We don’t consider this or even give it a chance in a world in which we are constantly told, “if you do what you love, it never feels like a job!” Since when did passion have to be connected to anything besides the enjoyment of participating in something? When did it become a matter of prepping your LinkedIn page, or polishing off your cyber-identity?

Now it would be dishonest to not mention how I thoroughly admire anyone who has realized his or her passion early on and was able to go for it. That consists of everyone I know (and don’t) who has dedicated a summer volunteering in Asia, interning in Europe, or saving wildlife in the Arctic. The fact that so many people my age have gotten so much figured out, to me, is nothing short of brilliant. However, my issue in this is a simple fact that is often forgotten: everyone is different.

I’ve been longing to find, discover and meet my passion for months now. I’m waiting for that spark, the one that will make me realize I want to dedicate my life to something. I knew it became a problem when I began to desperately latch myself onto every possible passion that was out there and formulate my persona around it. The very fact that I was constantly searching for a passion of my own in an environment in which I felt like every single one of my peers had something more, was becoming destructive. It turned into a hideously guilty habit that I couldn’t stop myself from doing, and that quickly turned into self-pity.

Eventually, however, the sneaking feeling of self-doubt and sheer panic at feeling behind settled in, and I felt ridiculous for the simple fact that I was treating my goals as if I had belonged to a larger race against time, and I’m barely 20.  The bigger question is, do you really need to find a passion in life, or isn’t it enough to have a bunch of interests that you love?

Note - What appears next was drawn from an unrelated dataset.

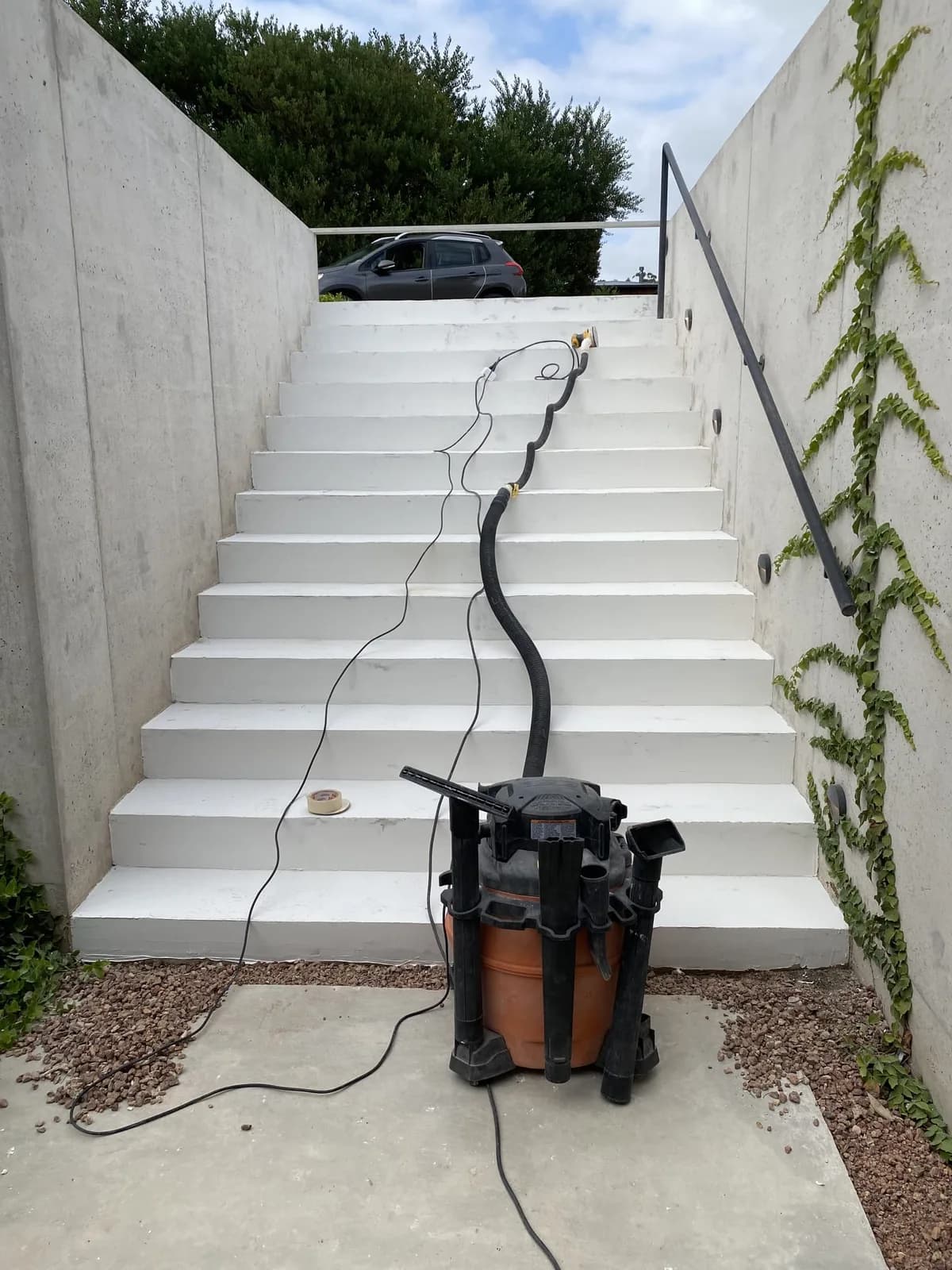 Escalera exterior de hormigón pintada de blanco, con la lijadora de la preparación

If there’s anything so many of us are guilty of doing, it’s all those late nights spent feeling like we’re falling behind with what’s going on in our lives while the rest of the world is farther ahead. The constant quest to find a passion can end up being a catalyst for doubt and an even bigger obstacle for our developing identities. The pressures of needing to find your unique passion as a brand for yourself to the world turns into a search that gets in the way of so many greater things, and it ultimately limits ourselves in the cruelest of ways.

Maybe it’s time some of us started rethinking the whole finding-a-passion thing.